Non mi affascina chi non muore mai, amo più chi si rialza dopo le cadute.
Detto questo il mio Dio non cade, non fallisce, ma il ventre della curva c’è anche per lui, in fondo Gesù è stato preferito per la pena di morte ad un ladro brigante e violento.
Parliamo di alti e bassi, ok? Per chi già ne conosce la filmografia e lo stile forse è troppo domandargli di fingere un reset a cui segue il piacere della riscoperta, ma sforzatevi.
Per chi non lo conoscesse, tranquilli, Lui vi ha già perdonati.

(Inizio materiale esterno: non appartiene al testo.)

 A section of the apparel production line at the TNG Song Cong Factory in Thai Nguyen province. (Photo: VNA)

In fondo ha dichiarato egli stesso che ama chi sbaglia. Personaggi che non fanno lo stesso sbaglio due volte non lo attirano, ma chi deve abbandonarsi nel crogiolo del peccato come fosse un lenzuolo di seta rossa, accompagnato dai gemiti del nostro più eccitante sogno erotico, sa di che parlo.
La Storia
All’inizio fu la pubblicità ad instradarlo in questo mondo, mise su una modesta compagnia che curava effetti speciali e di lì in poi arrivò un contratto per Alien 3, definibile una parabola più che un miracolo, ma allo stesso tempo l’inizio del maleficio.
Quale? Tempo al tempo.
Hanno inizio gli anni ‘90. Prima regola degli anni 90: guarda i film anni ‘90.
Seconda regola degli anni ‘90: guarda i film anni ‘90.
Ora ci siete.
Eppure, a confronto, oggi, abbiamo solo migliorato i film dei supereroi. Quando inizia la magia, però? Ha un momento preciso:
1994. Titolo del film: Seven.
Riferimento ai vizi capitali. Ancora la religione?

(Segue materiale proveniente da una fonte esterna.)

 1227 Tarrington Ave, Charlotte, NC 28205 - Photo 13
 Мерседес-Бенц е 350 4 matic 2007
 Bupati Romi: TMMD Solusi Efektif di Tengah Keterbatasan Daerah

, penserete. Ve l’ho detto, è un Dio, e gli Dei si riconvertono gli uni negli altri, le loro storie si somigliano, quindi perché non partire da lì?
Quando finisci Seven, con quegli attori, quella musica, quel pathos del finale e il suo eterno dramma che solo un Dio può far valere anche fra un milione di anni per i nuovi umani che lo vedranno, capisci che per un paio di decenni di ritardo non hai potuto inserirlo sulla Voyager 1.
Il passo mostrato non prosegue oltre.